You described all the types so well, I'm finding myself casting the movie version of Argonautika. Except I keep thinking of actors who are getting to the young grandparents age. I guess I haven't been "keeping up" enough.
The constellation thing sounds very cool.
Um, I guess that remark sounded too bitchy, when it wasn't meant to sound bitchy at all. It's just that I was a little torn about the casting -- it's been several decades since it became normal for men to work out, so I don't know why they couldn't find someone who, let me say, had a more traditional look for Hercules. On the other hand, he was definitely one of the better actors in the show, so I wouldn't have wanted to lose his performance.
You'll have to tell me your casting -- which part is William Holden playing?
I hear tell there's some fancy newcomer named Brad Pitt -- mark my words, keep an eye on that boy! He's going places!
I saw an Adam Bock play at the base of Potrero Hill some years ago, right before he moved to New York where he's had quite a number of successes. I remember liking the play, and hating most of the actors who shouted too much for a small theatre. And for the life of me, I can't remember a damned thing about the play except that it had something to do with building something.

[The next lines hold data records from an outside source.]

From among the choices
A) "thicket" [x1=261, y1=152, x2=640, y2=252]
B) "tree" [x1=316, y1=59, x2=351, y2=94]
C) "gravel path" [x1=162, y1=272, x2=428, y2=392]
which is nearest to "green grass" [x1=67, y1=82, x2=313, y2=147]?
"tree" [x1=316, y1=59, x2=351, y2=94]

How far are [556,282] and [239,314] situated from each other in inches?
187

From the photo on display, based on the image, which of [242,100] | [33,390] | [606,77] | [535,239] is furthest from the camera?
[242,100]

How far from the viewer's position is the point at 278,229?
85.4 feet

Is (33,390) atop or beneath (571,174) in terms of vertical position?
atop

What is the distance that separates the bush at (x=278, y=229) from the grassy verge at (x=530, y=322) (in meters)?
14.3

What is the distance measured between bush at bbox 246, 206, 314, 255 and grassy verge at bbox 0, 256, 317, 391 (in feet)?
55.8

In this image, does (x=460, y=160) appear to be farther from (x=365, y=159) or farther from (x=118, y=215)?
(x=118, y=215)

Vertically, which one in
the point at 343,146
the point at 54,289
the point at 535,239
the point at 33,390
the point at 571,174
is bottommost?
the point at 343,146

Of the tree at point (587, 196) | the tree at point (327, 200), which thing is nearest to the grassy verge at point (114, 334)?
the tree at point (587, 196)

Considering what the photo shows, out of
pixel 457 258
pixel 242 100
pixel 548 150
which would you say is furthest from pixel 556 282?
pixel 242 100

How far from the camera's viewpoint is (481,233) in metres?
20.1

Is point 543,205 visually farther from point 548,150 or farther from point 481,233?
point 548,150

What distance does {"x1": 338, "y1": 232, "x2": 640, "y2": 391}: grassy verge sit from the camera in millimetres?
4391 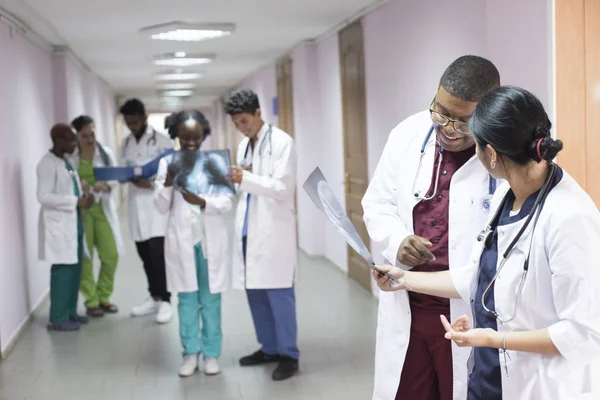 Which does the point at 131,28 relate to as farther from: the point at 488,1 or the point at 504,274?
the point at 504,274

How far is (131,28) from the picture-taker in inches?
285

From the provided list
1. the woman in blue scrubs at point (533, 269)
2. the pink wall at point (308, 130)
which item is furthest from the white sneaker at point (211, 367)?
the pink wall at point (308, 130)

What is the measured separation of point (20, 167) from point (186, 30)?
6.40 ft

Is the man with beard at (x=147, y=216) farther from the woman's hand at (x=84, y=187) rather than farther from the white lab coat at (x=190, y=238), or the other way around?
the white lab coat at (x=190, y=238)

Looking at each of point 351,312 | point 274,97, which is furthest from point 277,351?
point 274,97

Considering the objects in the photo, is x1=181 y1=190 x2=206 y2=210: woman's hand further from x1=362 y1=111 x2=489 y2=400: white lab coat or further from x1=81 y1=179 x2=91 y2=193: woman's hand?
x1=362 y1=111 x2=489 y2=400: white lab coat

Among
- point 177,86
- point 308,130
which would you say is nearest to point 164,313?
point 308,130

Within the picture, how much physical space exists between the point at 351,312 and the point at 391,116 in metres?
1.57

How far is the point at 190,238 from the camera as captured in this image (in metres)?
4.44

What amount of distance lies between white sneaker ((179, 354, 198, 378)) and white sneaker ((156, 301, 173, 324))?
1.31 meters

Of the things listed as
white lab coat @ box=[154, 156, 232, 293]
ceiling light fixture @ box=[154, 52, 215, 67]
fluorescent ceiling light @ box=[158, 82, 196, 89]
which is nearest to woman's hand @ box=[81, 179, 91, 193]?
white lab coat @ box=[154, 156, 232, 293]

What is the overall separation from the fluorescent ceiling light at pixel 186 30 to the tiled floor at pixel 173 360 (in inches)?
96.3

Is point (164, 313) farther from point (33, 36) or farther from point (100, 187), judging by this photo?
point (33, 36)

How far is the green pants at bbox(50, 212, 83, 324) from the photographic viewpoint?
577 centimetres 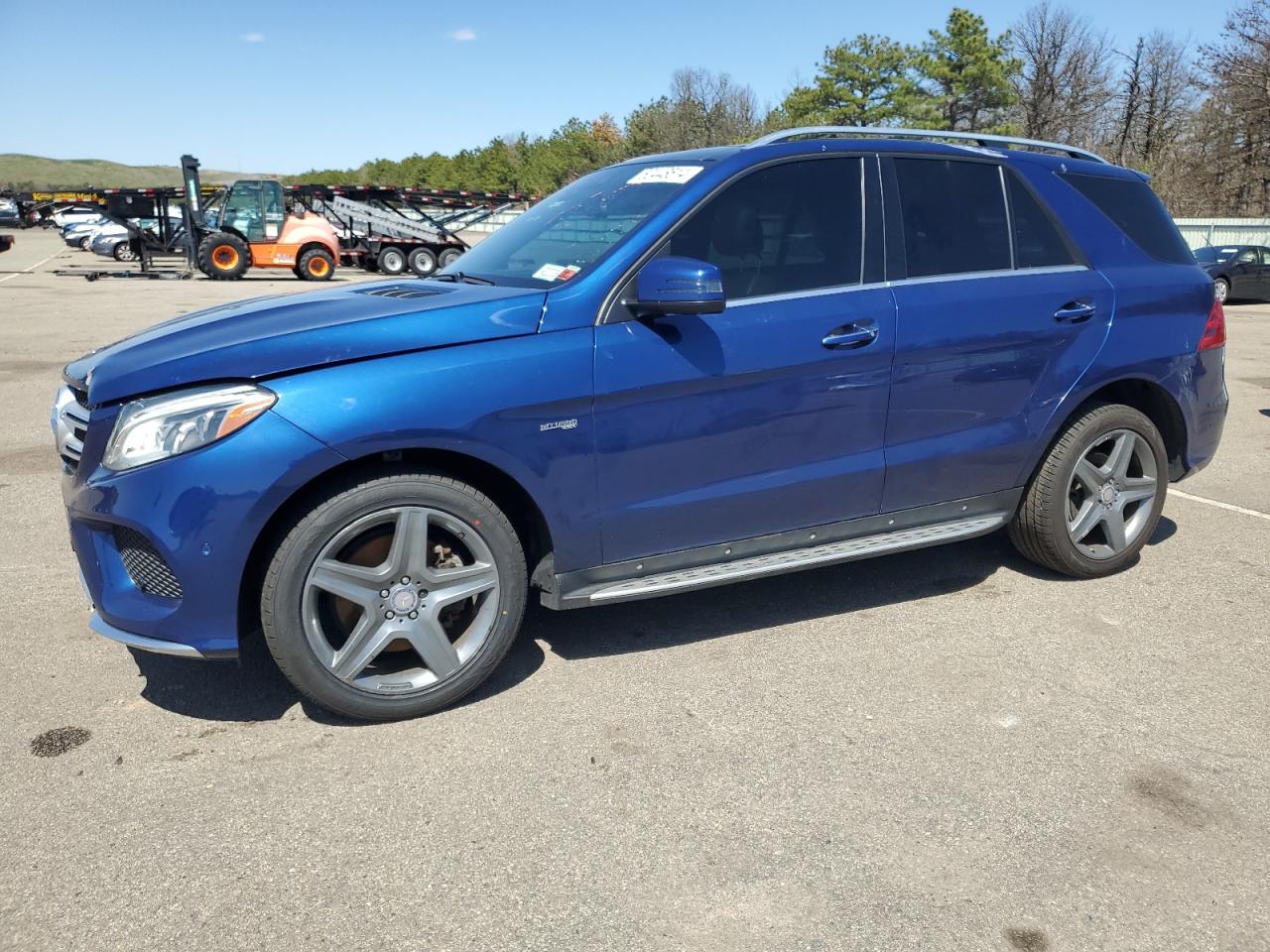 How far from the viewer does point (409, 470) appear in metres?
3.11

Which I'm afraid says it all. I've never seen a great or even good G.B.W. Shaw production live (probably the closest was a mediocre "Saint Joan" at ACT), but his plays really are extraordinary.
Mike, That sounds like the Thick House theater. I'm actually going to their season this year -- first one coming right up. That means I have to figure out how to get there on Muni. The things I do for art.

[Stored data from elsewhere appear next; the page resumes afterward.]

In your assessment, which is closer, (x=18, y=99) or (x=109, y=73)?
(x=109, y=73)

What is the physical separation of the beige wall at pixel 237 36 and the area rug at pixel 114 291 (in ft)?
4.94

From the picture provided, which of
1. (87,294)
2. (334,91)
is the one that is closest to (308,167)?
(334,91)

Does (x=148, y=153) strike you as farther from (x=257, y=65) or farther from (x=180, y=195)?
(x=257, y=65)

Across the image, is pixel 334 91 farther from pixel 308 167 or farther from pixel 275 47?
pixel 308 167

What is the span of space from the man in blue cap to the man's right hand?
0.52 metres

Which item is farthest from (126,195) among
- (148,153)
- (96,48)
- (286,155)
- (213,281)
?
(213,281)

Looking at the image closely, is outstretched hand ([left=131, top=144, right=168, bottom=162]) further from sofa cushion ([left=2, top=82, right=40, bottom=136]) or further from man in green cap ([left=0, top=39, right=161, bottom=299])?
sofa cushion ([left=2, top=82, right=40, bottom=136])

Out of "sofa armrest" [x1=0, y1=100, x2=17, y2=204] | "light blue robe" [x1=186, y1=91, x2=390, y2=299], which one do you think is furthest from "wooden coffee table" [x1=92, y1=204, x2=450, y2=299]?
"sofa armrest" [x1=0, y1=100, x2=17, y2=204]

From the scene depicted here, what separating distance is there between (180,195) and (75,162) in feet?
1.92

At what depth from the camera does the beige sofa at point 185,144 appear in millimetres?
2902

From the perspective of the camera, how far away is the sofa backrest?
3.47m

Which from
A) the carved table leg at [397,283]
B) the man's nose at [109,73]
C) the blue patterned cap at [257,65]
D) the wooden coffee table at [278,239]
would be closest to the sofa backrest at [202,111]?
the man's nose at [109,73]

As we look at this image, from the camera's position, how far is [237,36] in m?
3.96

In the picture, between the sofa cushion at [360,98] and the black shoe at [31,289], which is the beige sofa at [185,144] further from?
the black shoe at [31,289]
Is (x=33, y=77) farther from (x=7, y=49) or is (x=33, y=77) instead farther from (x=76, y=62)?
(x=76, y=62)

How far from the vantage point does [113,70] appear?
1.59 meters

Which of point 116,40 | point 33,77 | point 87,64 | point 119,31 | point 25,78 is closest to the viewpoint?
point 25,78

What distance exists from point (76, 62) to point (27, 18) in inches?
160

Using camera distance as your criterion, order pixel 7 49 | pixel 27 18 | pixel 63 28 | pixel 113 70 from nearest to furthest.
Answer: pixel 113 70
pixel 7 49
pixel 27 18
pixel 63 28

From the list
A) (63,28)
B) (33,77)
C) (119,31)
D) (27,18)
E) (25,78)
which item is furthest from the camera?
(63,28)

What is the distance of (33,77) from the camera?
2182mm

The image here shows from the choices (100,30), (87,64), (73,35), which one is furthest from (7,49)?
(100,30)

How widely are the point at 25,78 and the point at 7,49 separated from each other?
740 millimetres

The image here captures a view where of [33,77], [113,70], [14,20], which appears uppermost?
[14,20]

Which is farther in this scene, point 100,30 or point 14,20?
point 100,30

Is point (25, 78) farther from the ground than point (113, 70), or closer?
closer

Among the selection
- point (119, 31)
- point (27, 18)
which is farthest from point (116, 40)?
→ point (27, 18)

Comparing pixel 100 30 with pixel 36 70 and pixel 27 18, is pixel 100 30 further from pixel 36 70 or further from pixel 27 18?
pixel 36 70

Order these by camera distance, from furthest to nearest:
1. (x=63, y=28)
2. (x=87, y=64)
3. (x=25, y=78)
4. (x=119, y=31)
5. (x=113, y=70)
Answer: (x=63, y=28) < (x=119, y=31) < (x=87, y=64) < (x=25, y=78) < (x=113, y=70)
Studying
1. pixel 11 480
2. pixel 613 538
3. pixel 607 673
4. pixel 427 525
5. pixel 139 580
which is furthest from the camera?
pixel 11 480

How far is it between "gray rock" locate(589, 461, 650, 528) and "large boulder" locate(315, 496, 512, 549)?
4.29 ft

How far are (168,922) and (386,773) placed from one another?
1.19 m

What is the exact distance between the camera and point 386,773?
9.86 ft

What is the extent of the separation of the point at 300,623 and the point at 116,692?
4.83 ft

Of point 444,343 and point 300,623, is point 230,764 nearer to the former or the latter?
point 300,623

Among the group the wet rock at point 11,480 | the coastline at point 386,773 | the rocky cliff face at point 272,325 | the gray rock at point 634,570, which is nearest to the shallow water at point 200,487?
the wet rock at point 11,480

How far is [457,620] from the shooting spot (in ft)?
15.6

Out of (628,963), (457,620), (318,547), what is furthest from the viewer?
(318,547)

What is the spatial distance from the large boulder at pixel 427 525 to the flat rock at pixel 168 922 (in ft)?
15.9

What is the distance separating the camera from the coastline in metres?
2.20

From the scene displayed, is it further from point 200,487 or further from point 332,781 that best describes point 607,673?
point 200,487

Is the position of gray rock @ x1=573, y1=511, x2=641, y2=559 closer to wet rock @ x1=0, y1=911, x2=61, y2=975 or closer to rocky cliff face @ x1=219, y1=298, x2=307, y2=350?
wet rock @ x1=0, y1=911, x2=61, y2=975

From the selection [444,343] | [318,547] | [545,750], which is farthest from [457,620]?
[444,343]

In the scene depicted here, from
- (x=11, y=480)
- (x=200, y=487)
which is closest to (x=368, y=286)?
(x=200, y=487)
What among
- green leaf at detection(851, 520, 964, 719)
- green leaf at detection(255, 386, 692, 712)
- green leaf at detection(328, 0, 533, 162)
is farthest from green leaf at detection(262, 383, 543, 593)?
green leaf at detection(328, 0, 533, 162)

Bock should move in the Chekhov direction rather than the Shaw direction. I've actually seen some very good to excellent Shaw productions, so I guess I've been lucky. Shotgun is doing Mrs Warren's Profession this spring. Their productions are usually solid.

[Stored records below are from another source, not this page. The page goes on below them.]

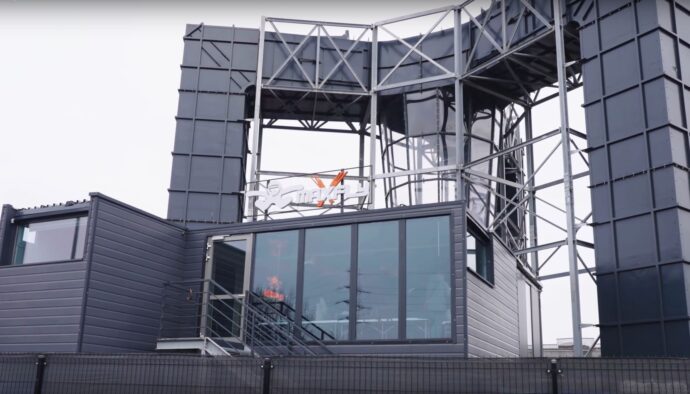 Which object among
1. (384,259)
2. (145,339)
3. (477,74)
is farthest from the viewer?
(477,74)

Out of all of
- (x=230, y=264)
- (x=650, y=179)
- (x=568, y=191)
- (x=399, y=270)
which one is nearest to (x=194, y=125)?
Answer: (x=230, y=264)

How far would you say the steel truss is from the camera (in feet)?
85.6

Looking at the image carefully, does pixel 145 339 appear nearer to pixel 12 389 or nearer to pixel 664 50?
pixel 12 389

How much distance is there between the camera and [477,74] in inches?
1083

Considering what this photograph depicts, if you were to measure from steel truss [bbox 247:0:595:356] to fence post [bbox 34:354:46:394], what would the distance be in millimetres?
14022

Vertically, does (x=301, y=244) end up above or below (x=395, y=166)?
below

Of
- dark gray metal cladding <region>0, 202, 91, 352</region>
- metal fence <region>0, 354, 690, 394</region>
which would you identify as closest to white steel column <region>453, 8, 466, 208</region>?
dark gray metal cladding <region>0, 202, 91, 352</region>

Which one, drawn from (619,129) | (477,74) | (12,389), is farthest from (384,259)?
(477,74)

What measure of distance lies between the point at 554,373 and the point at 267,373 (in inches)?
152

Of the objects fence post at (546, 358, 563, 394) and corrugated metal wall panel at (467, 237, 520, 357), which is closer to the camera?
fence post at (546, 358, 563, 394)

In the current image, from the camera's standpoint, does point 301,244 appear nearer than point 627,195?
Yes

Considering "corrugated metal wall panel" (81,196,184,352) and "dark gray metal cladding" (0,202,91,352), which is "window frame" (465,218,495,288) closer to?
"corrugated metal wall panel" (81,196,184,352)

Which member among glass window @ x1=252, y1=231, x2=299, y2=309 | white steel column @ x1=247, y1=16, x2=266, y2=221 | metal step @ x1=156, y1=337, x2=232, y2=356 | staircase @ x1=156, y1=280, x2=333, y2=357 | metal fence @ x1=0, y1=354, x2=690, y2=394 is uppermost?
white steel column @ x1=247, y1=16, x2=266, y2=221

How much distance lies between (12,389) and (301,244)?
21.1 ft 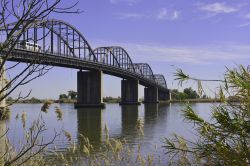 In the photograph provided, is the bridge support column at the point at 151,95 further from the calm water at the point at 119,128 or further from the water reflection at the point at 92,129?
the water reflection at the point at 92,129

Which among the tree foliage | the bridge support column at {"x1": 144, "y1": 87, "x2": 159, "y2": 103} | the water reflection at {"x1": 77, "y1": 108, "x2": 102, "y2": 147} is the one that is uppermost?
the bridge support column at {"x1": 144, "y1": 87, "x2": 159, "y2": 103}

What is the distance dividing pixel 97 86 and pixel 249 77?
95828mm

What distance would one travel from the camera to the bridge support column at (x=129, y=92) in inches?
5089

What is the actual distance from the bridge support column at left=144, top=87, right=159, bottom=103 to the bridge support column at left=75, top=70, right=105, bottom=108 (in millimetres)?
52428

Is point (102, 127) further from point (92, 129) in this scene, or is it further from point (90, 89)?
point (90, 89)

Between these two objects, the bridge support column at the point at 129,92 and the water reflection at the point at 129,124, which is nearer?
the water reflection at the point at 129,124

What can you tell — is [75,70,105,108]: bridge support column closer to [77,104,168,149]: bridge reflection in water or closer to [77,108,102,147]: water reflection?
[77,104,168,149]: bridge reflection in water

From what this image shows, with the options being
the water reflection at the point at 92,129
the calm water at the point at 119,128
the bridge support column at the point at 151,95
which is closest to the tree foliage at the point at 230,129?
the calm water at the point at 119,128

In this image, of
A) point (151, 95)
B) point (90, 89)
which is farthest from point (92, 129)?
point (151, 95)

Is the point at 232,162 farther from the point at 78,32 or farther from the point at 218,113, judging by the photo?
the point at 78,32

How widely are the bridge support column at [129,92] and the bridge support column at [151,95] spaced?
20556 millimetres

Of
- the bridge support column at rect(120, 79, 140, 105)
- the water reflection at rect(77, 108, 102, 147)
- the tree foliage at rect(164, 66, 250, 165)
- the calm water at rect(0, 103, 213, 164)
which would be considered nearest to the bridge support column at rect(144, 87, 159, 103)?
the bridge support column at rect(120, 79, 140, 105)

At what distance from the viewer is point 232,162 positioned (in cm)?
305

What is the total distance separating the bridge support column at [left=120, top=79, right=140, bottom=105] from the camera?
129m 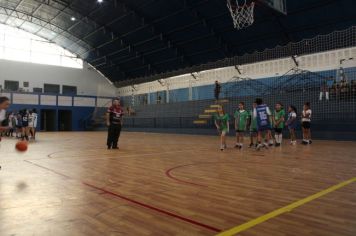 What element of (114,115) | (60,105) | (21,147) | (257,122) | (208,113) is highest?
(60,105)

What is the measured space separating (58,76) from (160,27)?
48.4ft

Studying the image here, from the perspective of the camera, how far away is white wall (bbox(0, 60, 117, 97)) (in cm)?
3108

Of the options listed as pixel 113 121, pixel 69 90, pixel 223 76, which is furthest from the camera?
pixel 69 90

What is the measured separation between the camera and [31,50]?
107ft

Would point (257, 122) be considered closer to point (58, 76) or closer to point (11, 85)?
point (11, 85)

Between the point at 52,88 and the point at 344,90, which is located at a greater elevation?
the point at 52,88

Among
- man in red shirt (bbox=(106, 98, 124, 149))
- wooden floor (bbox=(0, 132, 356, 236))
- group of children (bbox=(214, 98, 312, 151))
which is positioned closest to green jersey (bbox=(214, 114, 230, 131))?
group of children (bbox=(214, 98, 312, 151))

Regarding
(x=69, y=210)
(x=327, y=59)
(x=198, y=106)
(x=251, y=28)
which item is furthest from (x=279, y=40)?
(x=69, y=210)

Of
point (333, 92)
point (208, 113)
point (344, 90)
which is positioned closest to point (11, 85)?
point (208, 113)

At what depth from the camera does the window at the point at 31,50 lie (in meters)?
30.7

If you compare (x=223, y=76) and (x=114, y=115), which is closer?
(x=114, y=115)

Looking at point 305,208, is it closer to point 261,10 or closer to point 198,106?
point 261,10

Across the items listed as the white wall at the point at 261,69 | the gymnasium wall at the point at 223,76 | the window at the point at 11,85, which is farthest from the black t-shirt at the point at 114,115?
the window at the point at 11,85

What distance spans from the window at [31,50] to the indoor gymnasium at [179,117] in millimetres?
119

It was the Thick House, come to think of it. I hope you're going to the matinees because getting back and forth to that theatre on Muni in the evening is pretty hellish. Your best bet would probably be to take the new T-Third line and get off somewhere in the middle of UC genetic modification land in China Basin, and walk the quarter mile from there.
Nope, no matinees -- I'm going at night. And it looks as if it will still be raining. I did get detailed instructions from the theater -- I can take the 22 Fillmore from the 16th Street BART station. I had sort of a trial run last Friday, searching for the Traveling Jewish Theater, so I familiarized myself with all sort of MUNI/BART hellishness.